- _Exercise goal_:
Leave the pictures out and print, word for word, the lines below from the one with "The Manor at" through the final line.

***** Dataset *****

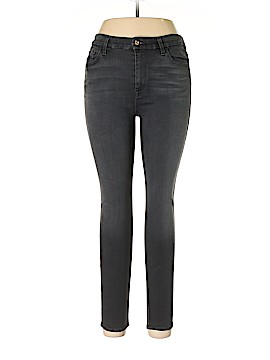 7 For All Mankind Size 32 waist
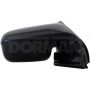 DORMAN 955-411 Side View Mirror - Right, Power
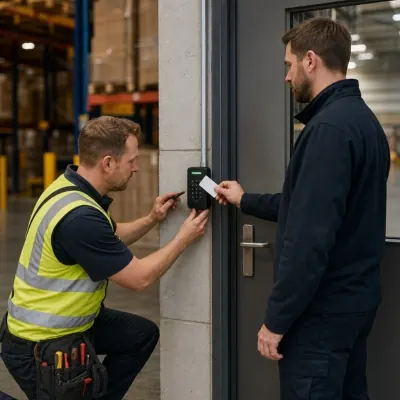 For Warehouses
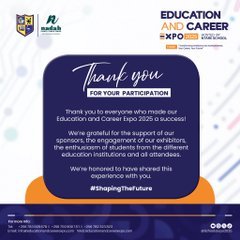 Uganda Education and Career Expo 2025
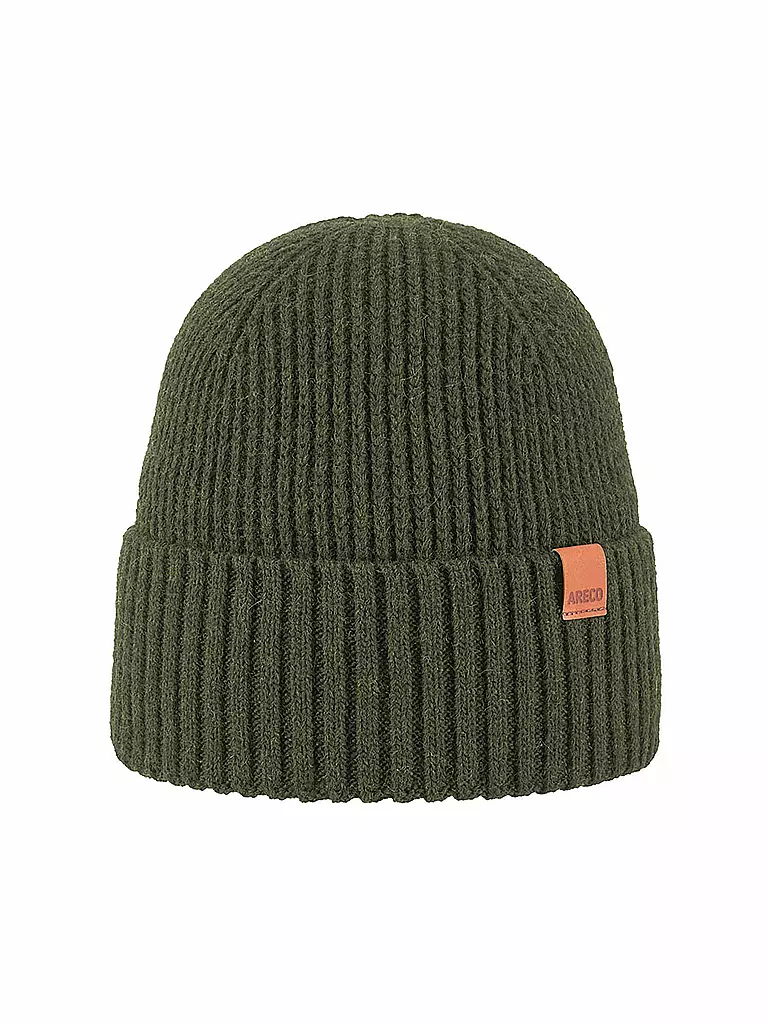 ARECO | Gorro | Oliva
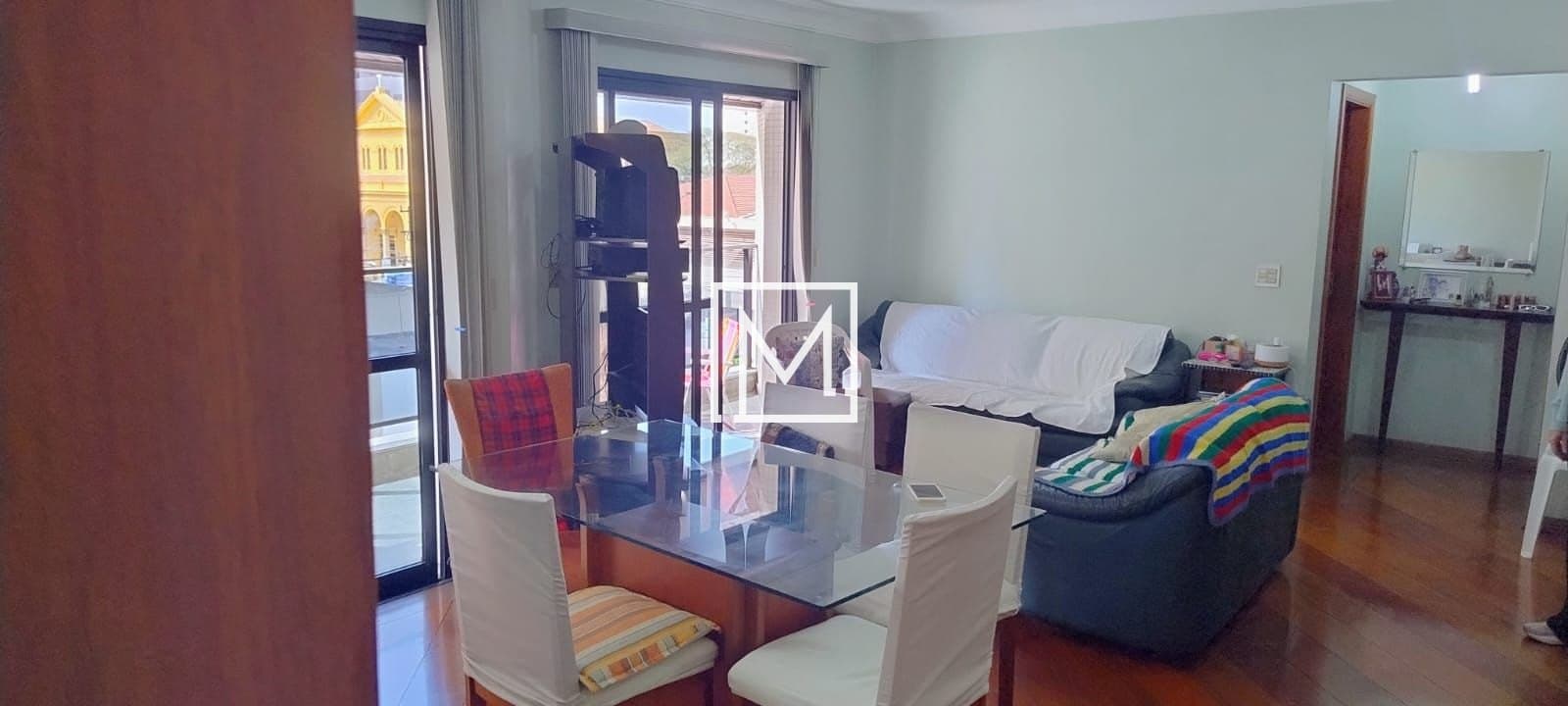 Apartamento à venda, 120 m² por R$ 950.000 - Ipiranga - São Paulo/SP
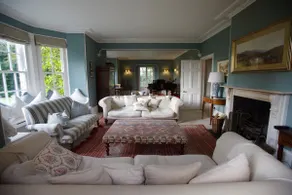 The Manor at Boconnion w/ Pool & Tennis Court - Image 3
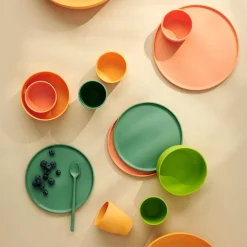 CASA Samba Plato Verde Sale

*****

- _Response area_:
 The Manor at Boconnion w/ Pool & Tennis Court - Image 3
 CASA Samba Plato Verde Sale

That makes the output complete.